BAMAKO/DAKAR– Pro-government armed groups in Mali seized the northern town of Menaka from Tuareg separatists on Monday during fierce fighting, a spokesman for the group and a resident said.
The vast region has been hit by insurgencies over the last five decades, with rebels fighting for independence or a form of self-rule from the government in the south.
The most recent uprising in 2012 came when Tuareg rebels formed an alliance with Islamist militants to briefly seize control of the northern two-thirds of Mali.
Militants from the Gatia pro-government group and the Arab Azawad Movement (MAA), a faction of a northern Arab militia also favourable to the government camp, attacked the town on Monday morning, a Gatia spokesman said.
The raid was in retaliation for attacks on the group’s supporters, including the lynching of several women, he said.
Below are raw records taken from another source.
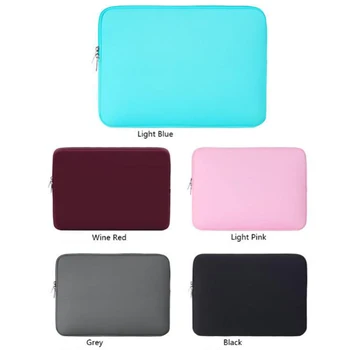 

33.5*23.5*2cm Laptop Sleeve Case Protection Zipper Bag Computer Pouch for 12.5 inch Notebook slim laptop accessories bag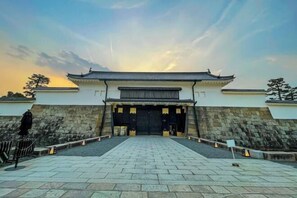 Quang cảnh nhìn từ nơi lưu trú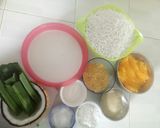 Hình bước làm 1 của món Chè trôi nước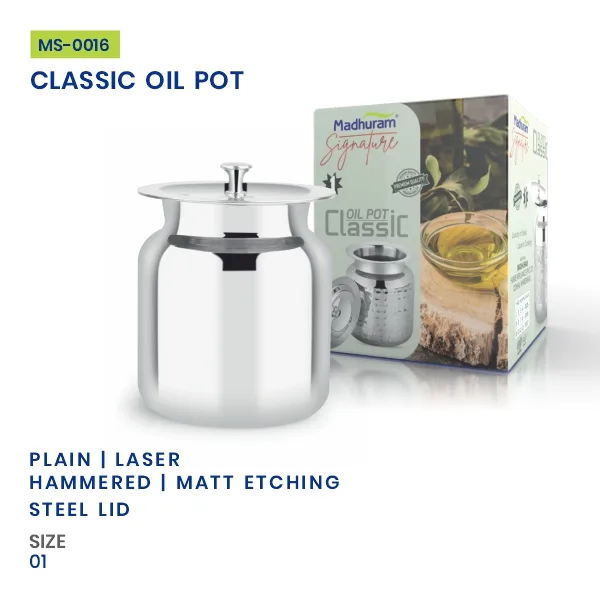 Classic Oil Pot — image 1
Menaka lies around 200 km (125 miles) east of Gao, the largest city in northern Mali, close to the border with Niger. It had been controlled by the main Tuareg rebel group, the National Movement for the Liberation of Azawad (MNLA).
“At this hour, the MNLA flag is no longer flying above Menaka,” Gatia spokesman Medhi Ag Almoubareck said, later adding that fighting continued after nightfall.
Ten MNLA fighters were killed in the clashes and another seven were taken prisoner, while Gatia had recorded no losses, he said. There was no immediate independent verification of the claims.